VIA EDGAR AND ELECTRONIC MAIL
 
David L. Orlic
Special Counsel
Office of Mergers and Acquisitions
United States Securities and Exchange Commission
Division of Corporation Finance
Mail Stop 3628
100 F Street, N.E.
Washington, D.C. 20549

 
Re:
Benchmark Electronics, Inc. (“BHE” or the “Company”)
 
Proxy Soliciting Materials on Schedule 14A (“Proxy Materials”)
 
Filed February 26, 2016 by Engaged Capital, LLC et al.
 
File No. 001-10560

Dear Mr. Orlic:
 
We acknowledge receipt of the comment letter of the Staff (the “Staff”) of the U.S. Securities and Exchange Commission (the “Commission”) dated March 3, 2016 (the “Staff Letter”) with regard to the above-referenced matter. We have reviewed the Staff Letter with our client, Engaged Capital, LLC and the other participants in its solicitation (collectively, “Engaged Capital”), and provide the following responses on Engaged Capital’s behalf.  For ease of reference, the comments in the Staff Letter are reproduced in italicized form below.  Terms that are not otherwise defined have the meanings ascribed to them in Engaged Capital’s press release issued on February 26, 2016 (the “Press Release”) as disclosed in the Proxy Materials.
 
General
 
1.
Please demonstrate your reasonable basis for the following beliefs:
 
 
·
“the Company intervened with Ms.

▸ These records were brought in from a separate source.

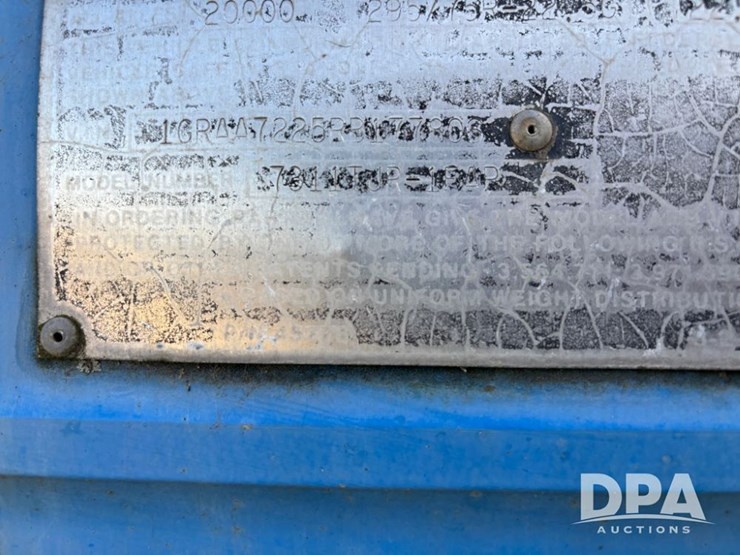 1994-great-dane-van-trailer-image-15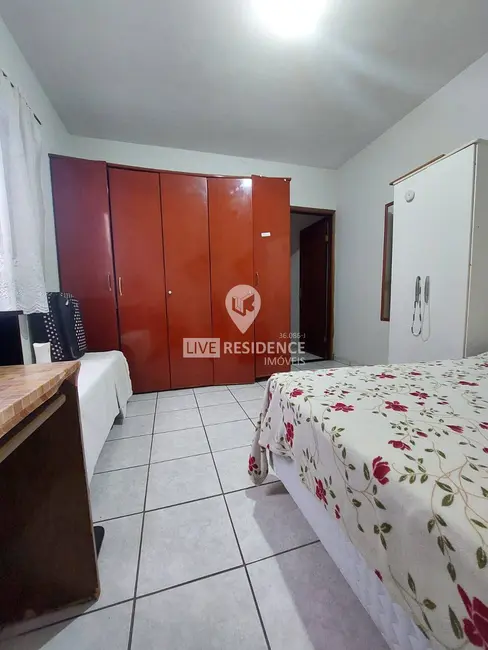 Casa com 2 quartos à venda, 69m2 em Jardim Maria, Itatiba - SP - imagem 8 Foto 8 de Casa com 2 quartos à venda, 69m2 em Jardim Maria, Itatiba - SP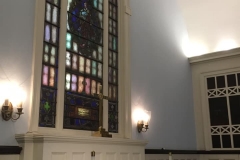 Good-Friday-Service-6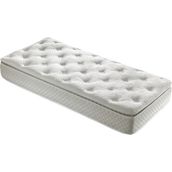 Heyner PuffyLux 70x200 Yaylı Yatak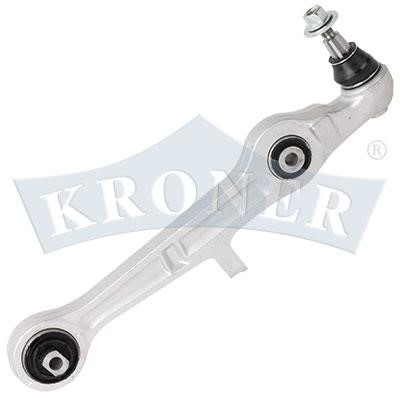 Kroner K340039 Track Control Arm K340039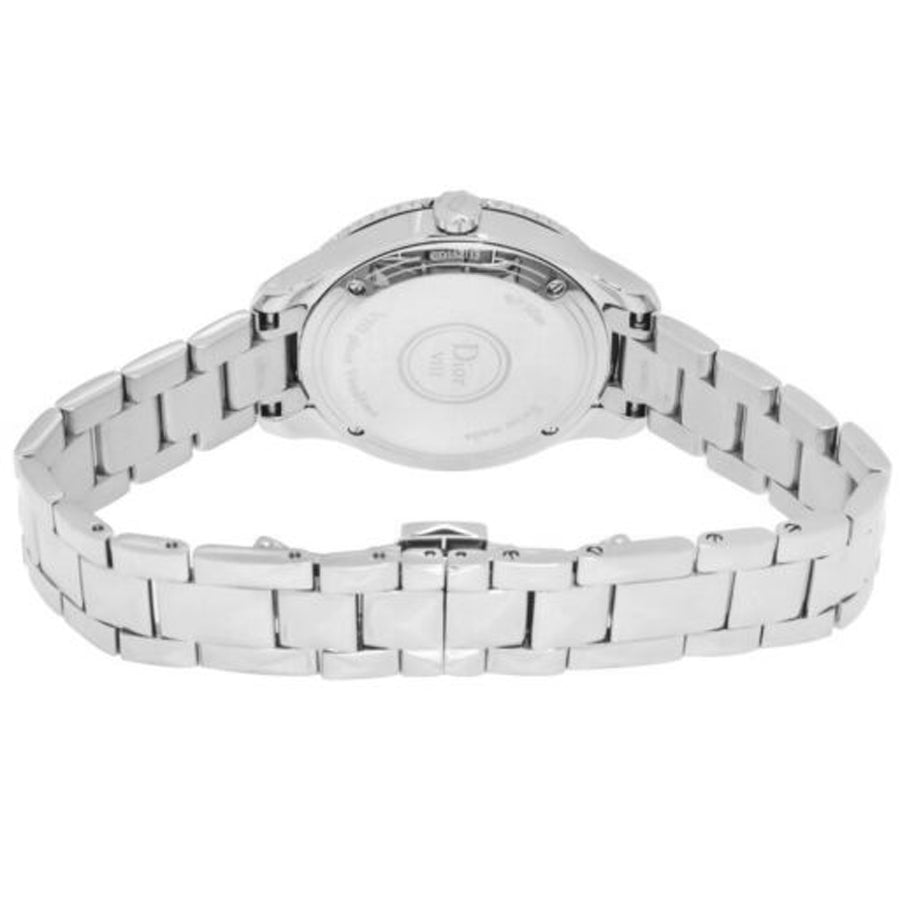 Christian Dior VIII Montaigne Quartz Women's Watch CD152113M001
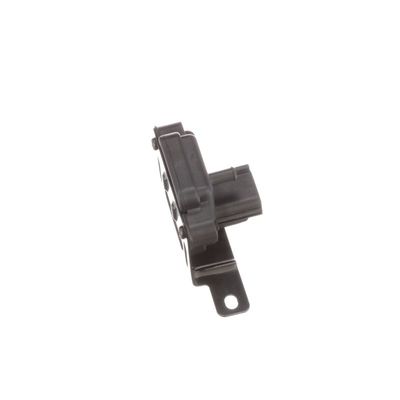 SENZOR PRESIUNE GALERIE ADMISIE DELPHI PS10126 66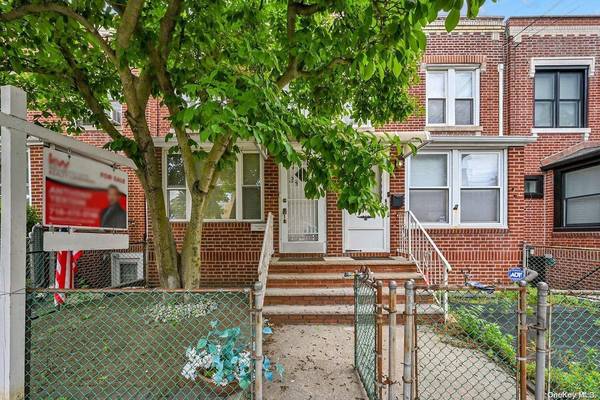 28-45 47th ST, Astoria, NY 11103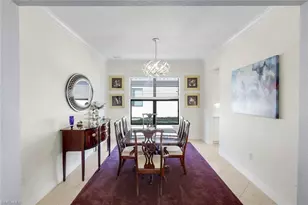 2735 Cinnamon Bay Cir, Naples, FL 34119 - Photo 18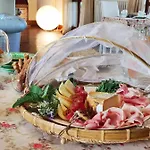 ベッド・アンド・ブレックファスト Pieve モンカルヴォ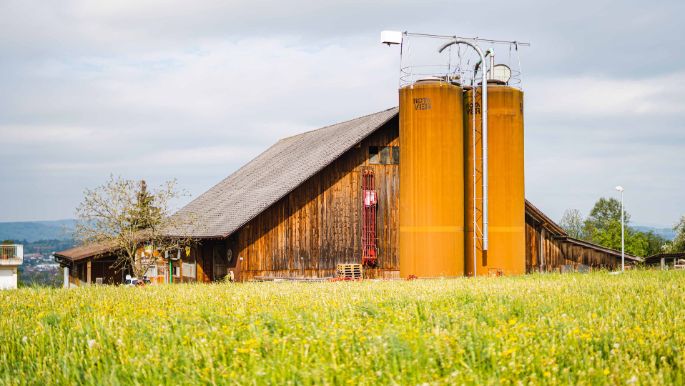Hof_Schmitter_Schmitter_Oberwil-Lieli_Hof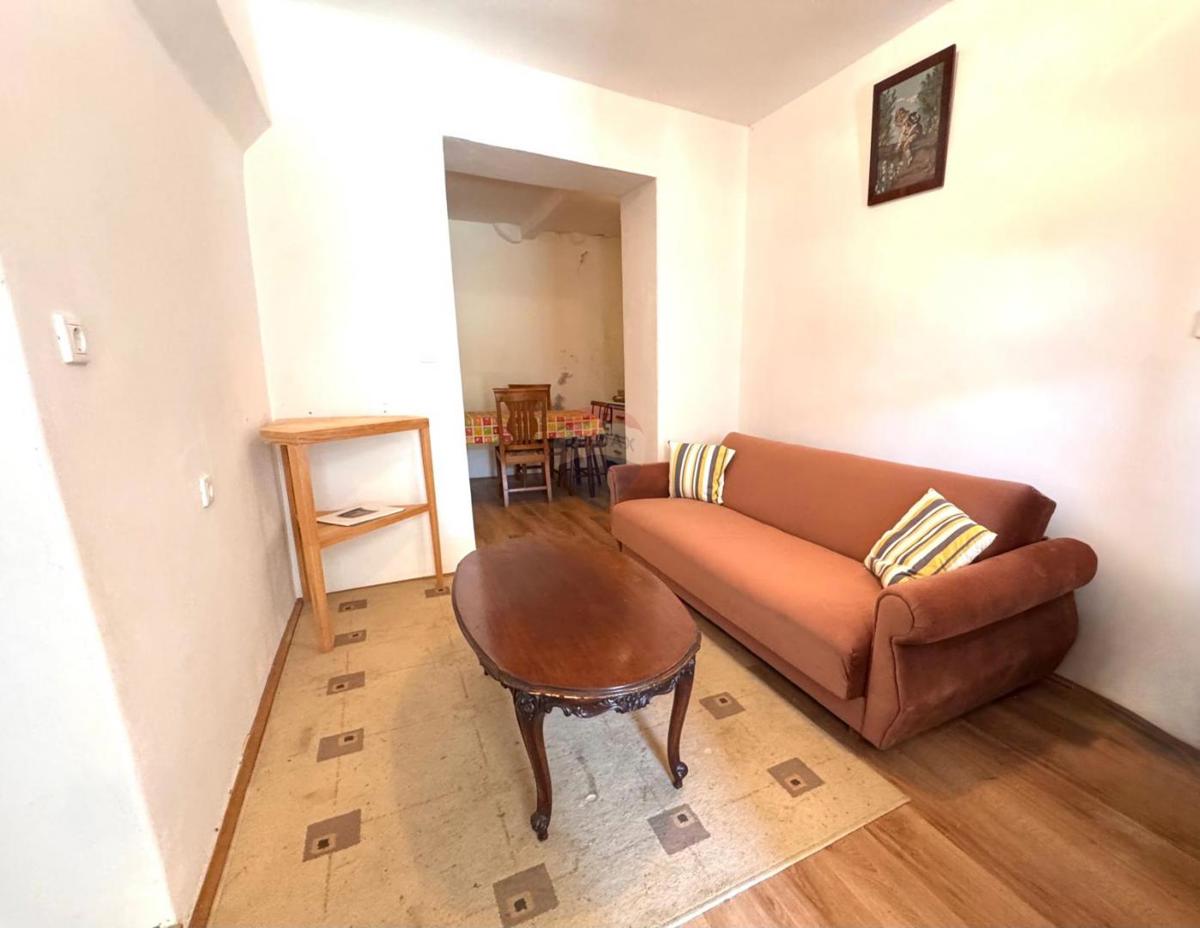 Hiša Bribir, Vinodolska Općina, 220m2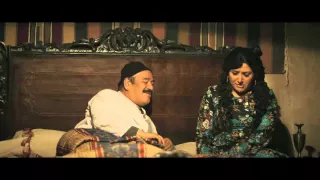 مسلسل ساحرة الجنوب الموسم الأول الحلقة 1 الكاملة 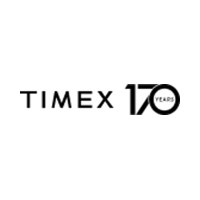 Timex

Kelley’s employer in an attempt to pressure her to withdraw”
 
 
·
the Company has exhibited “a well-established pattern of entrenchment tactics”
 
Engaged Capital acknowledges the Staff’s comment and offers the Staff the following support on a supplemental basis.  Engaged Capital was informed on a confidential basis by a reliable source that Avnet, Inc. (“Avnet”), Ms. Kelley’s employer and a supplier of BHE, was contacted by BHE regarding Ms. Kelley’s agreement to serve as a nominee of Engaged Capital for election to the BHE Board at its 2016 Annual Meeting.  The confidential source further advised Engaged Capital that the Company expressed discontent to Avnet with Ms. Kelley’s service as a nominee of Engaged Capital given its relationship with BHE and indicated that her continued service as Engaged Capital’s nominee may impair the relationship between Avnet and the Company moving forward. Ms. Kelley thereafter notified Engaged Capital that she was withdrawing as its nominee.  Notably, Ms. Kelley had already obtained Avnet’s prior written consent before she agreed to serve as a nominee of Engaged Capital.  According to Engaged Capital’s confidential source BHE had asked Avnet to publicly disclose Ms. Kelley’s withdrawal in an Avnet press release which Avnet ultimately decided not to do.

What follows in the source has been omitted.